TRY IT: In duplicating the lines below, keep every word unchanged and drop the pictures.

INPUT DATA:
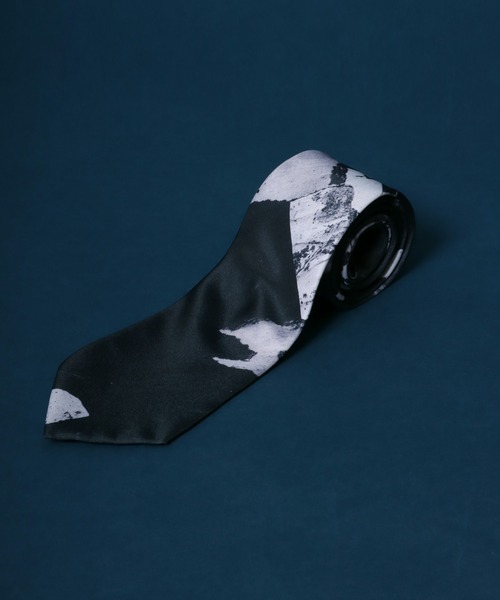 ANPAS（アンパス）の「Total Pattern Print Necktie/総柄プリントネクタイ（ネクタイ・メンズ・ブラック/ベージュ/ブラウン/ブルー/ブラック系その他/ブラウン系その他/ブルー系その他/キャメル/ホワイト/ブラック系その他2/ブラック系その他3/ブラック系その他6/ブラック系その他4/ブラック系その他7/ブラック系その他5/ブラック系/ベージュ系その他/ブラウン系その他2・FREE）」の10枚目の写真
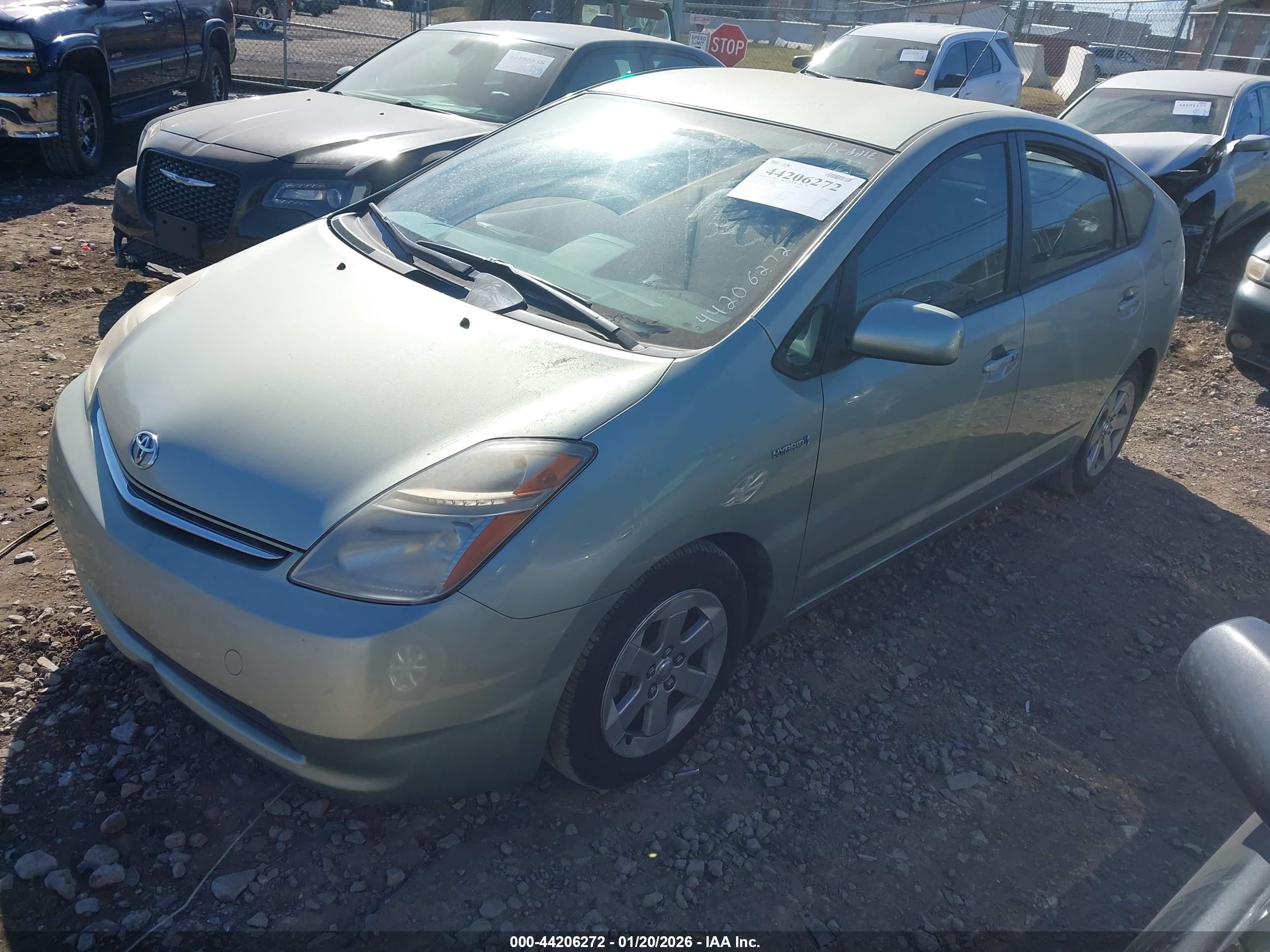 TOYOTA PRIUS image 2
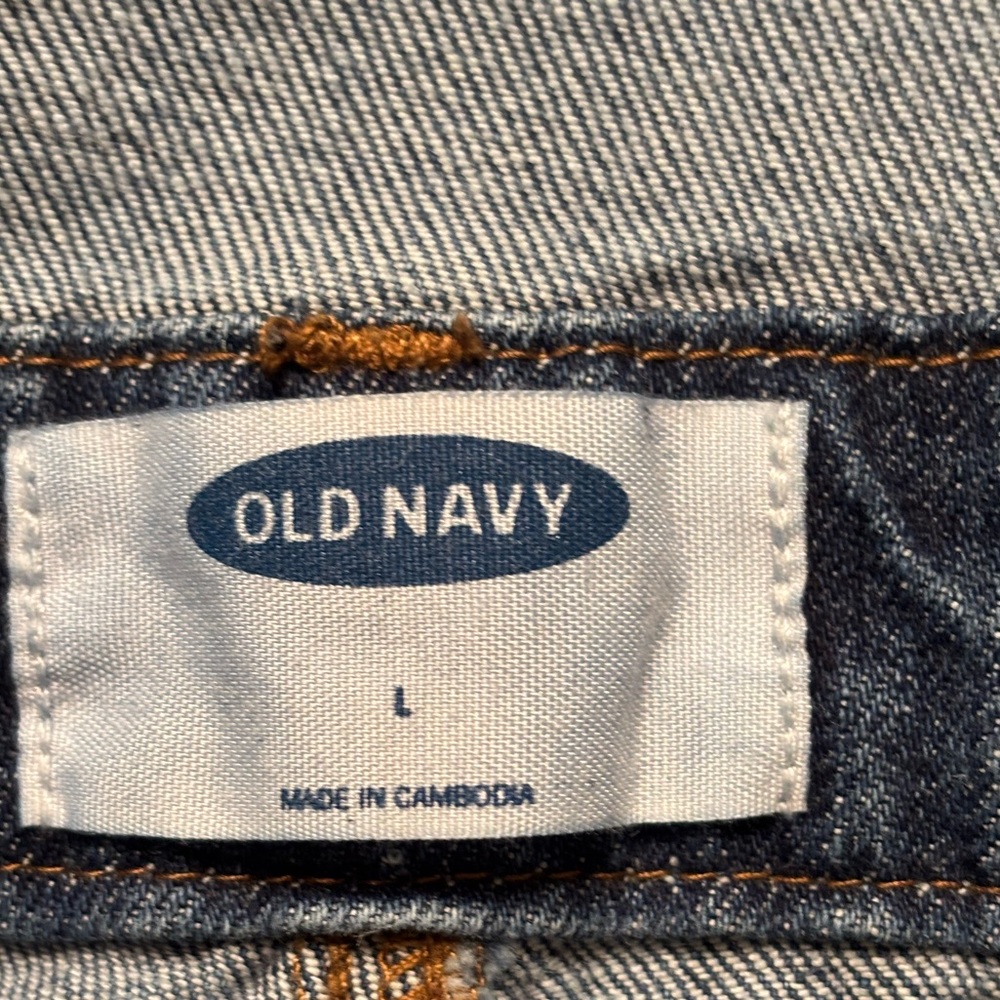 Old Navy Distressed Overall Shorts - Picture 6 of 6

EXERCISE ANSWER:
 ANPAS（アンパス）の「Total Pattern Print Necktie/総柄プリントネクタイ（ネクタイ・メンズ・ブラック/ベージュ/ブラウン/ブルー/ブラック系その他/ブラウン系その他/ブルー系その他/キャメル/ホワイト/ブラック系その他2/ブラック系その他3/ブラック系その他6/ブラック系その他4/ブラック系その他7/ブラック系その他5/ブラック系/ベージュ系その他/ブラウン系その他2・FREE）」の10枚目の写真
 TOYOTA PRIUS image 2
 Old Navy Distressed Overall Shorts - Picture 6 of 6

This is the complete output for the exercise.